Computational- and experimental- driven discovery of splicing regulation and circRNA function

计算和实验驱动的剪接调控和 circRNA 功能发现

• 批准号: 10565918
• 负责人: Julia Salzman
• 金额: $ 39.35万
• 依托单位: STANFORD UNIVERSITY
• 依托单位国家: 美国
• 财政年份: 2021
• 资助国家: 美国
• 起止时间: 2021-01-01 至 2025-12-31
• 项目状态: 未结题
• 来源: https://reporter.nih.gov/project-details/10565918
• 关键词: Alternative Splicing; Biological; Biological Markers; Biology; Cells; Complex; Coupled; DNA; DNA Sequence; Data; Development; Disease; Drug Targeting; Eukaryota; Evolution; Generations; Genes; Genetic; Genetic Transcription; Genome; Knowledge; Nucleic Acids; Organism; Output; Pathogenicity; Process; Processed Genes; Protein Isoforms; Proteins; RNA; RNA Splicing; Regulation; Research; Statistical Data Interpretation; Untranslated RNA; Validation; Variant; cell type; digital; disease diagnostic; genetic variant; insight; novel; precision medicine; public health relevance; therapeutic target

Project Summary/Abstract Cells and organisms, from simple to complex, carry the same genetic DNA sequence organized into genes. Multicellular eukaryotes transcribe and process genes into RNA isoforms through a process called alternative splicing. Alternative splicing is developmentally and cell-type specifically regulated. It is foundational to how higher organisms’ genomes are decoded. Yet, critical and fundamental questions regarding its regulation and the function of its output remain unanswered. For example, circRNA being a ubiquitous product of alternative splicing was only discovered in 2012, and its regulation and function remains enigmatic. circRNAs’ discovery revealed a larger critical knowledge gap in the field for “what, how and why” genes are alternatively spliced. What RNA splice variants are expressed, how splicing is regulated and which spliced RNAs have essential functions? Answering these questions is critical for predicting which of myriad genetic variants cause disease and why they do so. Answers will also enable a new generation of digital nucleic acid biomarkers and diagnostics for disease, drug targets for correcting dysregulated splicing and identification of pathogenic protein- or non-coding products (respectively) as well as fundamental basic scientific insight into evolution and function of eukaryotic genomes. The proposed research will couple novel statistical analyses of -omics data by taking an unbiased approach and including biological features that are understudied or un-annotated. Predictions will be coupled with incisive experimental validation to reveal new principles of how RNAs, including circRNAs, are spliced and how they function. This research potentiates significant new discoveries in why alternative splicing exists and how this understanding can be used for precision medicine.
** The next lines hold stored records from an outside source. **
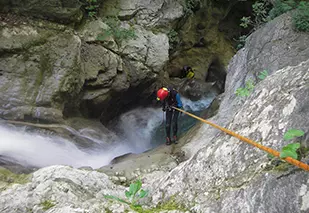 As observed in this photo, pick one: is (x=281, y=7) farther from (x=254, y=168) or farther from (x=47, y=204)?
(x=47, y=204)

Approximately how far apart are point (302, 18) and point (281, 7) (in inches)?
60.2

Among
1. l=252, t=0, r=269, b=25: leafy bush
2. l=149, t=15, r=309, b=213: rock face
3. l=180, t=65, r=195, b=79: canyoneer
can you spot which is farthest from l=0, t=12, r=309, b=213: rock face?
l=180, t=65, r=195, b=79: canyoneer

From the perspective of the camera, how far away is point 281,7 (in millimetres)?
9016

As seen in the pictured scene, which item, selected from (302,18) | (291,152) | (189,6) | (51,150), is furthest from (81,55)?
(291,152)

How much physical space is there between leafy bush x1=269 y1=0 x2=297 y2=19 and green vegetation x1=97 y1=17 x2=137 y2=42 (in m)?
5.36

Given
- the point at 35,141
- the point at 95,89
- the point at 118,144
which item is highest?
the point at 95,89

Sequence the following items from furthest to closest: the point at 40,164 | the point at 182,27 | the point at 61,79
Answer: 1. the point at 182,27
2. the point at 61,79
3. the point at 40,164

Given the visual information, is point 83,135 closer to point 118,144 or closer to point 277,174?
point 118,144

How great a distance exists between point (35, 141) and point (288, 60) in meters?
A: 7.18

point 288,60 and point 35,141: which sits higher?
point 35,141

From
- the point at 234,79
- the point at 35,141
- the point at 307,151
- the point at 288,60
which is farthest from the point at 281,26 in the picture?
the point at 35,141

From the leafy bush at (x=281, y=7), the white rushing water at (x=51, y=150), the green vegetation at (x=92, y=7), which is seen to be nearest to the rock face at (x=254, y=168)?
the white rushing water at (x=51, y=150)

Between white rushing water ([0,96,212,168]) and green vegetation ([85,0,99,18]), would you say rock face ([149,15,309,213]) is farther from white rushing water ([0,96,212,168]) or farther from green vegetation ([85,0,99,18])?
green vegetation ([85,0,99,18])

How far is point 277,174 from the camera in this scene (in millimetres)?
2160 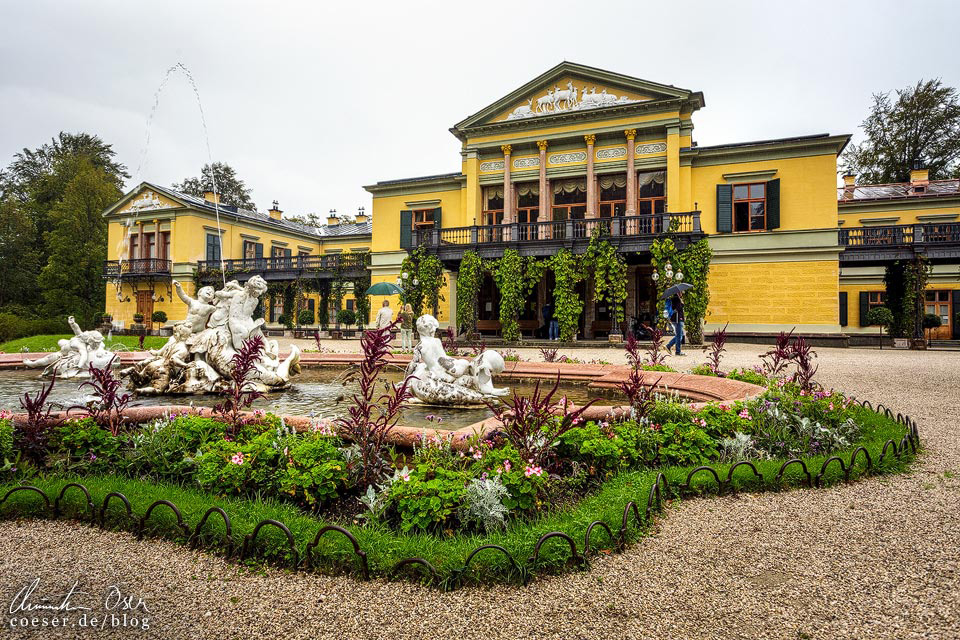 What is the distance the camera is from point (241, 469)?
3.36 meters

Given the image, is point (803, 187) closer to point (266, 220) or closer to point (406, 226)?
point (406, 226)

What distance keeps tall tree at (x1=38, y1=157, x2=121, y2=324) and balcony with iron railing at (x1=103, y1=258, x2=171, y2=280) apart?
2.65 metres

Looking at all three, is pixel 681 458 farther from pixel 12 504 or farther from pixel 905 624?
pixel 12 504

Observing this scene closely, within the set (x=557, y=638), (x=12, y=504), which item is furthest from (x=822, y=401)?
(x=12, y=504)

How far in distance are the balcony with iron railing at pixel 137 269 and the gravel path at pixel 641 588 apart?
35236 millimetres

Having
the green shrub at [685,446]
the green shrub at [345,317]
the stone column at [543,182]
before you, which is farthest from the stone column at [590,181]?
the green shrub at [685,446]

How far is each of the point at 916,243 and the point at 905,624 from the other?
23571mm

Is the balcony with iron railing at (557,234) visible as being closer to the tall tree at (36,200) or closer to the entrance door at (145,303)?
the entrance door at (145,303)

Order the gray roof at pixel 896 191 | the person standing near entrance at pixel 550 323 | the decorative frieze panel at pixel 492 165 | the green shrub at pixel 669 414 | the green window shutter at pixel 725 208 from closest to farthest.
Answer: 1. the green shrub at pixel 669 414
2. the person standing near entrance at pixel 550 323
3. the green window shutter at pixel 725 208
4. the decorative frieze panel at pixel 492 165
5. the gray roof at pixel 896 191

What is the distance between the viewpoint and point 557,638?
216 centimetres

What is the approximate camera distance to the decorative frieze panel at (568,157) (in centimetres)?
2439

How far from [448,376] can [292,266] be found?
93.3ft

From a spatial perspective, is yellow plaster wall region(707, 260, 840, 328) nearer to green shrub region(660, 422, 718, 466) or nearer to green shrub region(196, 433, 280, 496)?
green shrub region(660, 422, 718, 466)

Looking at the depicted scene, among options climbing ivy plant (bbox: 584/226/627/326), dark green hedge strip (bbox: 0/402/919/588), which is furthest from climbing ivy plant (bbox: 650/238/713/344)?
dark green hedge strip (bbox: 0/402/919/588) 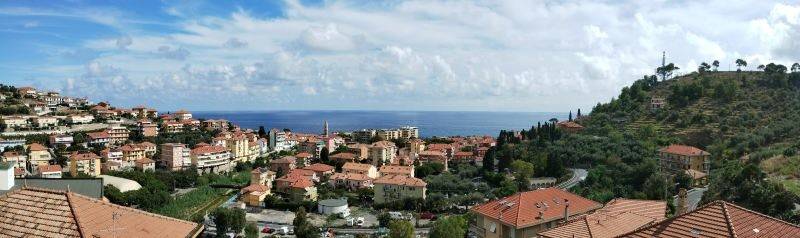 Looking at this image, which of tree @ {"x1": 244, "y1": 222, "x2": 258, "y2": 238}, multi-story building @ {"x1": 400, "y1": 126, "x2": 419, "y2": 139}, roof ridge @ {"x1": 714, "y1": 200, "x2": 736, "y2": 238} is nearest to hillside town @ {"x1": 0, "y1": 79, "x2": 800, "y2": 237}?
roof ridge @ {"x1": 714, "y1": 200, "x2": 736, "y2": 238}

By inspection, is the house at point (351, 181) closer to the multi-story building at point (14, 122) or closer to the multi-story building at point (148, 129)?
the multi-story building at point (148, 129)

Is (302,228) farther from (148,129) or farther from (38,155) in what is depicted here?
(148,129)

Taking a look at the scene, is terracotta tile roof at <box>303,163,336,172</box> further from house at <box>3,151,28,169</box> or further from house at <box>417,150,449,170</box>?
house at <box>3,151,28,169</box>

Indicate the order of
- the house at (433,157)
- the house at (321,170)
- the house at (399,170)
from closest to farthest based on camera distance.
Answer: the house at (399,170) → the house at (321,170) → the house at (433,157)

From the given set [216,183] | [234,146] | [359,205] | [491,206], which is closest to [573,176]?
[359,205]

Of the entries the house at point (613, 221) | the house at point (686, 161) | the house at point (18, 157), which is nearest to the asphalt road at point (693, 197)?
the house at point (686, 161) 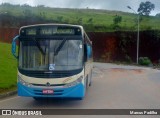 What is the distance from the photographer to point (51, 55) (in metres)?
13.2

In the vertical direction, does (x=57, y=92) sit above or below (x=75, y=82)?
below

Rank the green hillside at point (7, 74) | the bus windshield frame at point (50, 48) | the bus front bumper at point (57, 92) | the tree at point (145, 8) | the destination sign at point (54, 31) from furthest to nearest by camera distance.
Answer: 1. the tree at point (145, 8)
2. the green hillside at point (7, 74)
3. the destination sign at point (54, 31)
4. the bus windshield frame at point (50, 48)
5. the bus front bumper at point (57, 92)

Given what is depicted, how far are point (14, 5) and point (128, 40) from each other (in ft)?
147

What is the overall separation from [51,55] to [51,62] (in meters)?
0.27

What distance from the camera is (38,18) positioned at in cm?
7419

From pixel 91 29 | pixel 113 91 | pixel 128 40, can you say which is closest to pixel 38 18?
pixel 91 29

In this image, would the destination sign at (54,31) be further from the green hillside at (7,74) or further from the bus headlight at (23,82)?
the green hillside at (7,74)

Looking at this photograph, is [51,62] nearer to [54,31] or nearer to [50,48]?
[50,48]

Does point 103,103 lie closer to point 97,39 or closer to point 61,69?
point 61,69

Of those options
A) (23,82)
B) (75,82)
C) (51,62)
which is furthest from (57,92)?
(23,82)

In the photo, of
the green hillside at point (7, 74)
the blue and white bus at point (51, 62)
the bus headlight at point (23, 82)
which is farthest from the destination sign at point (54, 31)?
the green hillside at point (7, 74)

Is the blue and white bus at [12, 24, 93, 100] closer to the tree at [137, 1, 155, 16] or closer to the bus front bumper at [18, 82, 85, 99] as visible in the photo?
the bus front bumper at [18, 82, 85, 99]

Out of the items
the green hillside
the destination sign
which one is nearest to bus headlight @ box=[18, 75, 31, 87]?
the destination sign

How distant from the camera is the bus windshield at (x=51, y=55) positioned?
13094 mm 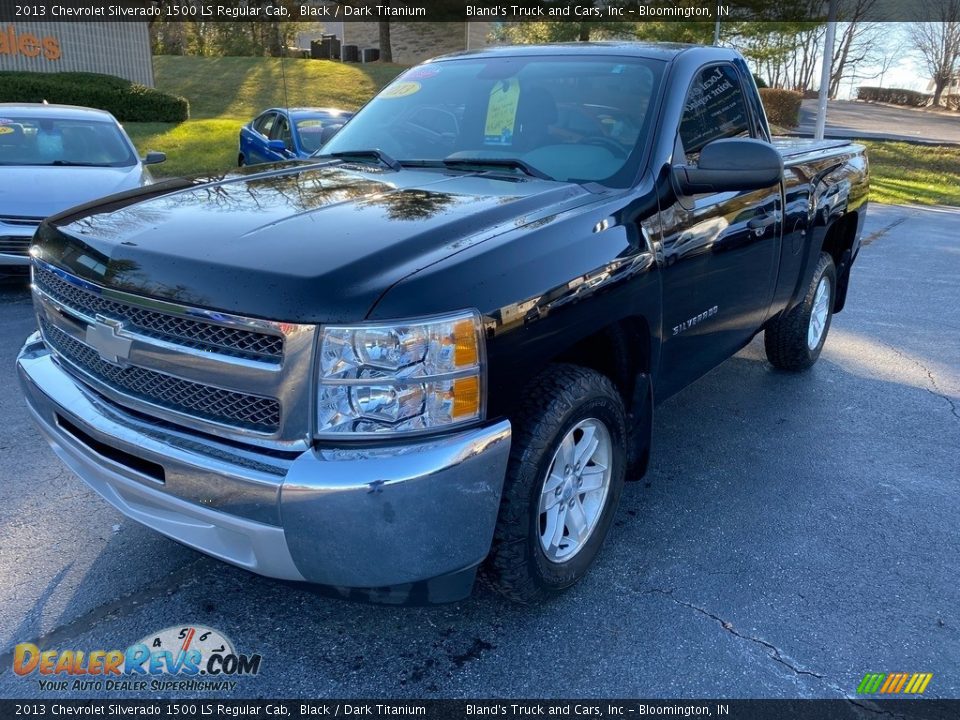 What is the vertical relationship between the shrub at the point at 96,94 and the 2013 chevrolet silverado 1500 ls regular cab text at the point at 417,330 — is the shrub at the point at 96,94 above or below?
above

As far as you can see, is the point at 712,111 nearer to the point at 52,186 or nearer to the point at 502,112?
the point at 502,112

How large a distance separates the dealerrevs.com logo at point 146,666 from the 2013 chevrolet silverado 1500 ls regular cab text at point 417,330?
1.49 feet

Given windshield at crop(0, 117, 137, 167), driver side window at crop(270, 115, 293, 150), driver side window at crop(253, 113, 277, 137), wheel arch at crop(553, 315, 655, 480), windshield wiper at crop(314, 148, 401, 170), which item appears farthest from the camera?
driver side window at crop(253, 113, 277, 137)

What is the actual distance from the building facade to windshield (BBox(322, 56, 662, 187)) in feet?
67.0

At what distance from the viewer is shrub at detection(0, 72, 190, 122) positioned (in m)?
17.5

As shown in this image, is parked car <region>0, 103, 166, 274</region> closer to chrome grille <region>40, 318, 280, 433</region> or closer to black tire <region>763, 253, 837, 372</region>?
chrome grille <region>40, 318, 280, 433</region>

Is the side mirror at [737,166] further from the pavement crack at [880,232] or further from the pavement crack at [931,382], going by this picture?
the pavement crack at [880,232]

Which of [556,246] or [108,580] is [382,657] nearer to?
[108,580]

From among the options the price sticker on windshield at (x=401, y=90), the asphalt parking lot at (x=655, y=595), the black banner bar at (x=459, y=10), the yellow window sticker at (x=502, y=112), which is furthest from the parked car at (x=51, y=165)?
the black banner bar at (x=459, y=10)

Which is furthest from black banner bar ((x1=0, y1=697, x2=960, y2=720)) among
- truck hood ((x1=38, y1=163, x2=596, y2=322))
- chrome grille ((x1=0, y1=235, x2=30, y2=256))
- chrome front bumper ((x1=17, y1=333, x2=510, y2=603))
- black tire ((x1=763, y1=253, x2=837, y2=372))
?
chrome grille ((x1=0, y1=235, x2=30, y2=256))

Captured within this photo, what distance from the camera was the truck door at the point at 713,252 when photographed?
3287 mm

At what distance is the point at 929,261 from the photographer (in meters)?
9.34

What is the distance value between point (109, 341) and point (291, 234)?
657 millimetres

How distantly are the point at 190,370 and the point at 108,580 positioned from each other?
1.15 meters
项目摘要/摘要 细胞和生物体，从简单到复杂，携带着组织成基因的相同的基因DNA序列。 多细胞真核生物通过一种称为替代的过程将基因转录并加工成rna亚型。 拼接。选择性剪接受发育和细胞类型的特殊调控。它是如何 高等生物的基因组被破译。然而，关于其监管和监管的关键和根本问题 其产出的作用仍未得到回答。例如，CircRNA是替代的无处不在的产物 剪接是2012年才被发现的，它的调控和功能仍然是个谜。CircRNAs的发现 揭示了在“什么、如何和为什么”基因交替拼接的领域中更大的关键知识缺口。 表达了哪些RNA剪接变体，剪接是如何调控的，以及哪些剪接RNA具有必不可少的 功能？回答这些问题对于预测无数基因变异中哪些会导致疾病至关重要 以及他们这样做的原因。答案还将使新一代数字核酸生物标记物和 疾病的诊断，纠正异常剪接的药物靶点和病原体的鉴定 分别是蛋白质或非编码产品，以及对进化和 真核基因组的功能。拟议的研究将结合对组学数据的新的统计分析，通过 采取不偏不倚的方法，包括未被研究或未加注释的生物学特征。 预测将与精辟的实验验证相结合，以揭示RNA如何， 包括CircRNA，都是拼接的，以及它们是如何发挥作用的。这项研究加强了重大的新发现 为什么会存在选择性剪接，以及如何将这种理解用于精确医学。